Hay al menos una verdad eterna que no ha sido todavía consignada por ningún filósofo: donde sea que trabajes, usarás Excel. Al egresar de la carrera de Filosofía, me sentía preparado para discutir sobre las ideas innatas de Descartes, la apercepción pura según Kant, las mónadas leibnizianas y la metempsicosis en Platón, pero me esperaba un reto que en cuatro años no se me había anunciado: aprender Excel.
Ya como licenciado en Filosofía, en mi primer día de trabajo de tiempo completo me enfrentaba a ese extraño mundo de bases de datos, tablas dinámicas y fórmulas complejas, con todo y formatos condicionales. Por un instante fugaz me pregunté si me había equivocado de carrera o de trabajo. Pero la duda desapareció rápidamente: confiaba en mi plasticidad cerebral, entrenada por 4 años de ejercicios de declinaciones en griego y latín, ejercicios silogísticos en clase de lógica clásica y tablas de verdad en lógica simbólica. Resultó que mi formación en lógica, más allá de enseñarme a identificar un silogismo Barbara de un Baralipton, tenía beneficios bien directos para el uso de Excel. En pocas semanas ya dominaba el lenguaje básico y algunos colegas incluso me buscaban pidiendo una clase rápida de cómo hacer merges para mandar correos personalizados.
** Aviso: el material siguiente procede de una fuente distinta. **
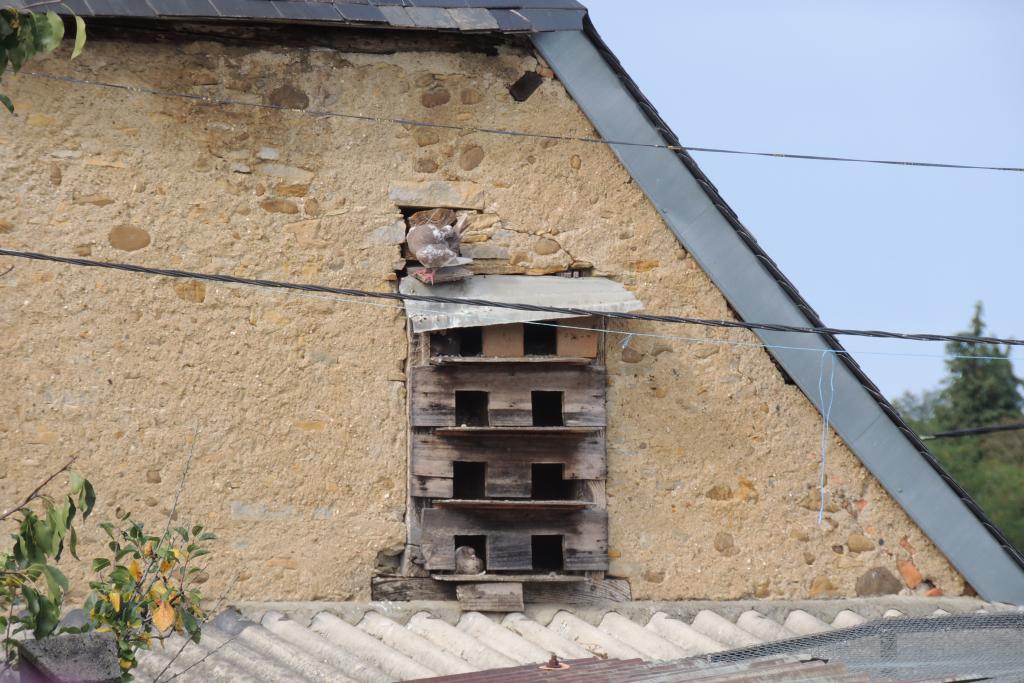 ferme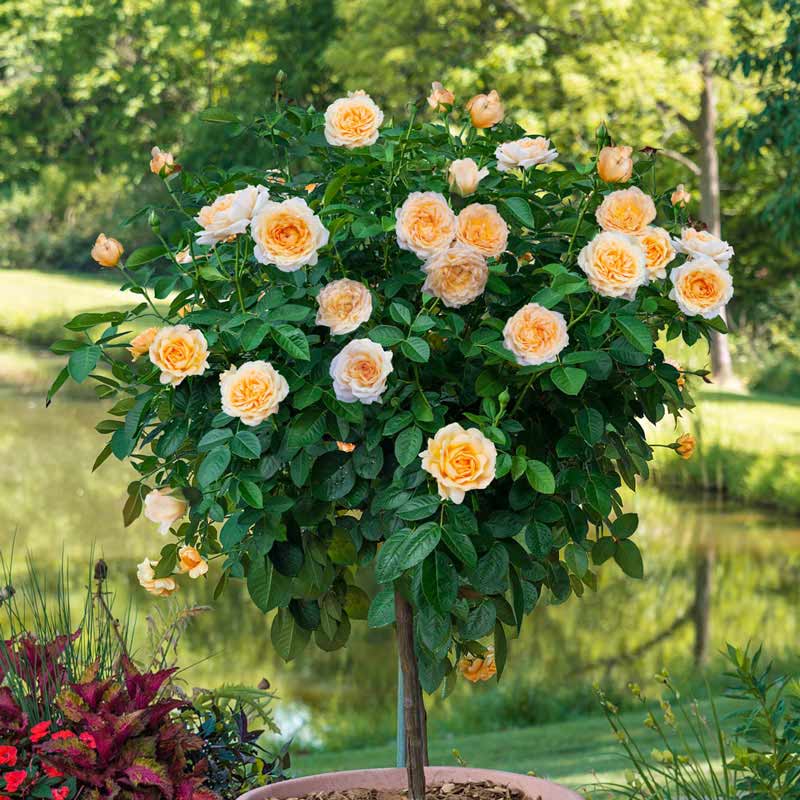 Edith's Darling Tree Rose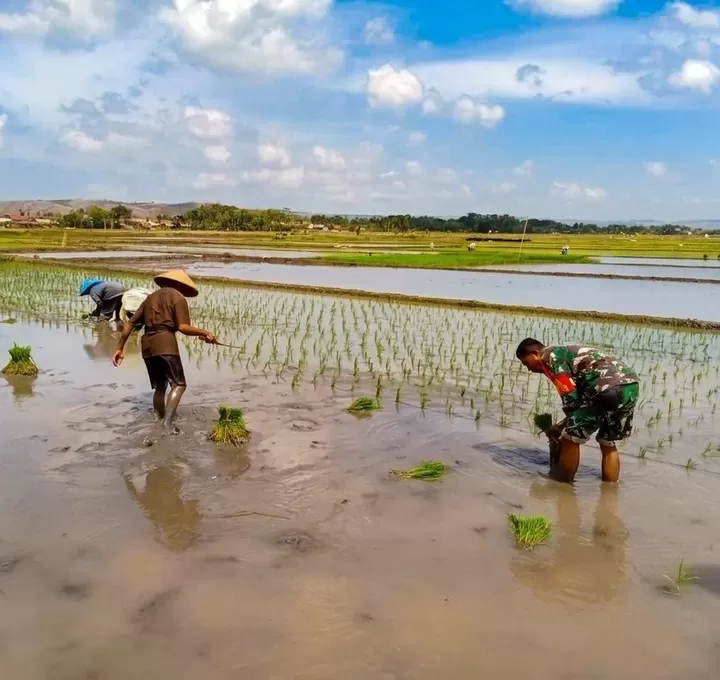 Dukung Swasembada Pangan, Babinsa Koramil 0808/09 Sutojayan Turun Ke Sawah Bantu Petani Tanam Padi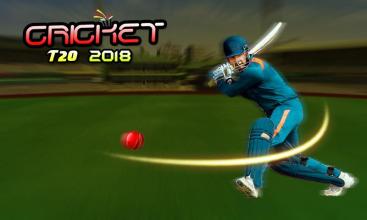 Cricket t20 2017截图4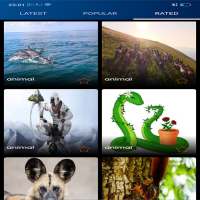 animals Wallpapers on 9Apps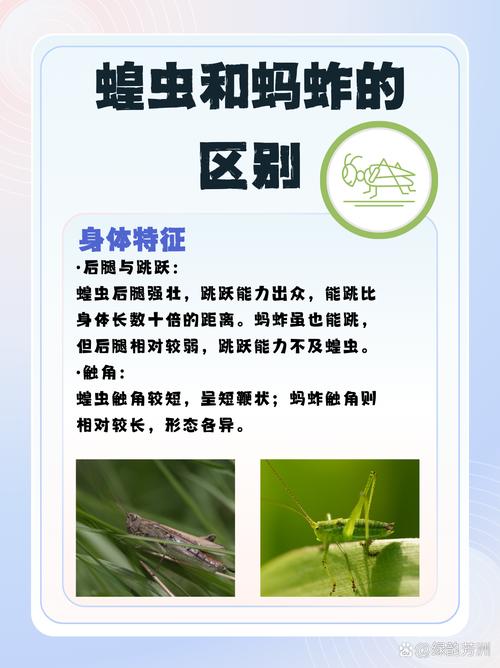 昆虫社会（昆虫社会与人类社会的区别）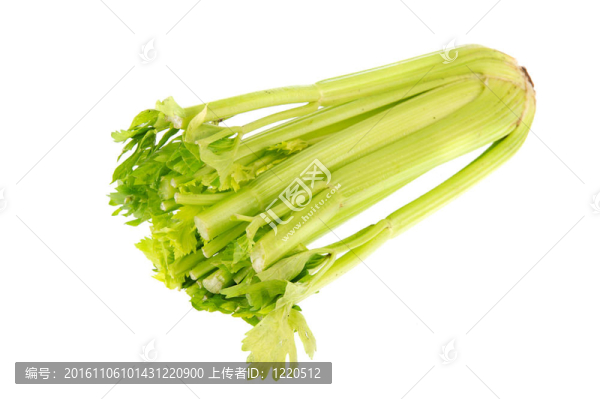 新鮮芹菜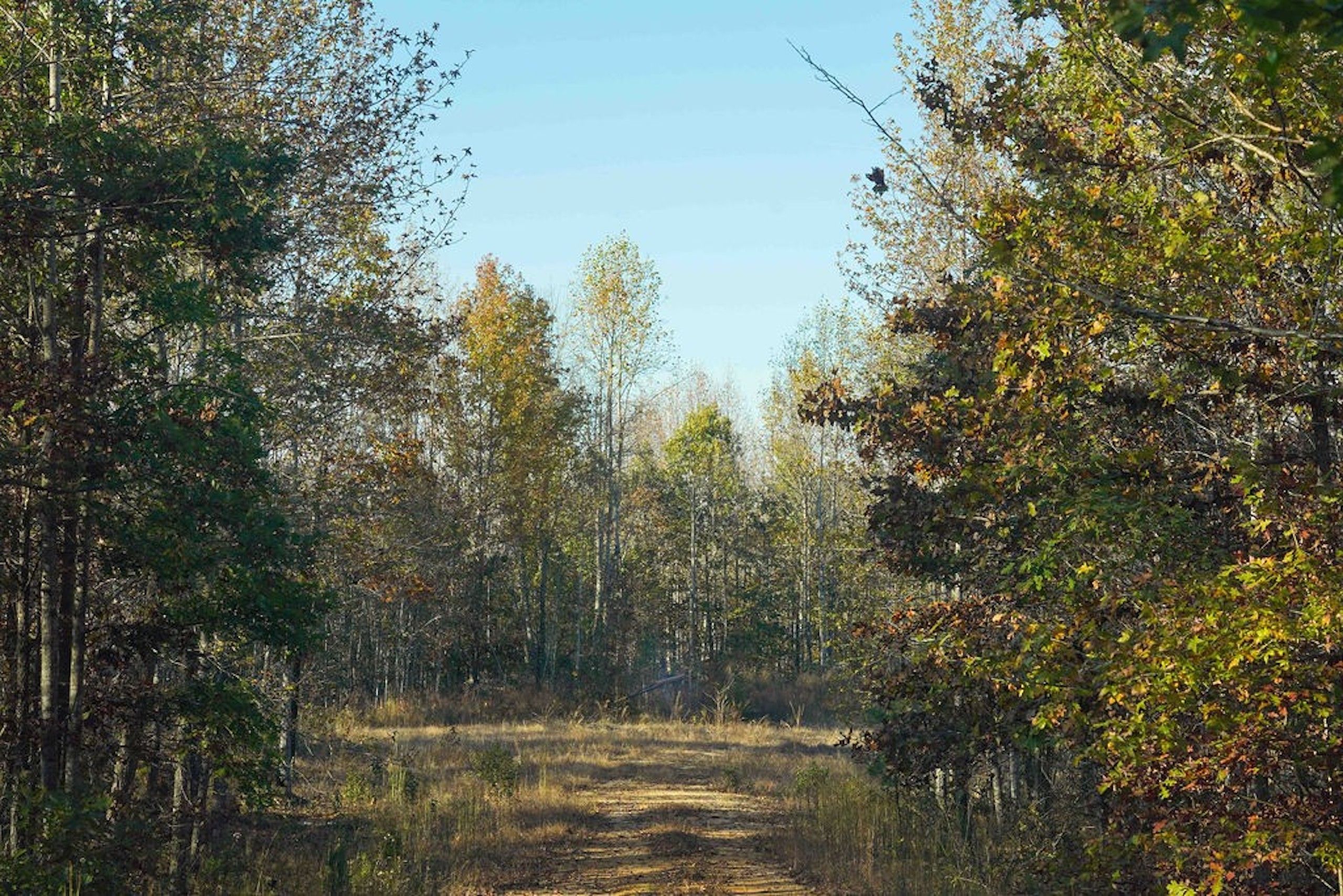 Stewart, Stewart County, TN Recreational Property, Undeveloped Land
También es bien sabido que el mundo laboral transcurre en las bandejas de correo electrónico. No tardé en darme cuenta que escribir un correo claro, cortés, conciso y concreto es un arte que muy pocos dominan en el mundo godín. Cotidianamente se hieren susceptibilidades por un saludo omitido o unas mayúsculas accidentales y se generan malentendidos por expresiones ambiguas o un fraseo torpe. Repentinamente, me encontré frente a correos tan intrincados e ininteligibles como pasajes completos de la Fenomenología del Espíritu de Hegel. Y en esto también descubrí que no estaba mal preparado. Si había logrado entender a Hegel, el correo de contabilidad detallando el proceso de alta de un proveedor no era un rival tan digno como los textos del idealismo alemán.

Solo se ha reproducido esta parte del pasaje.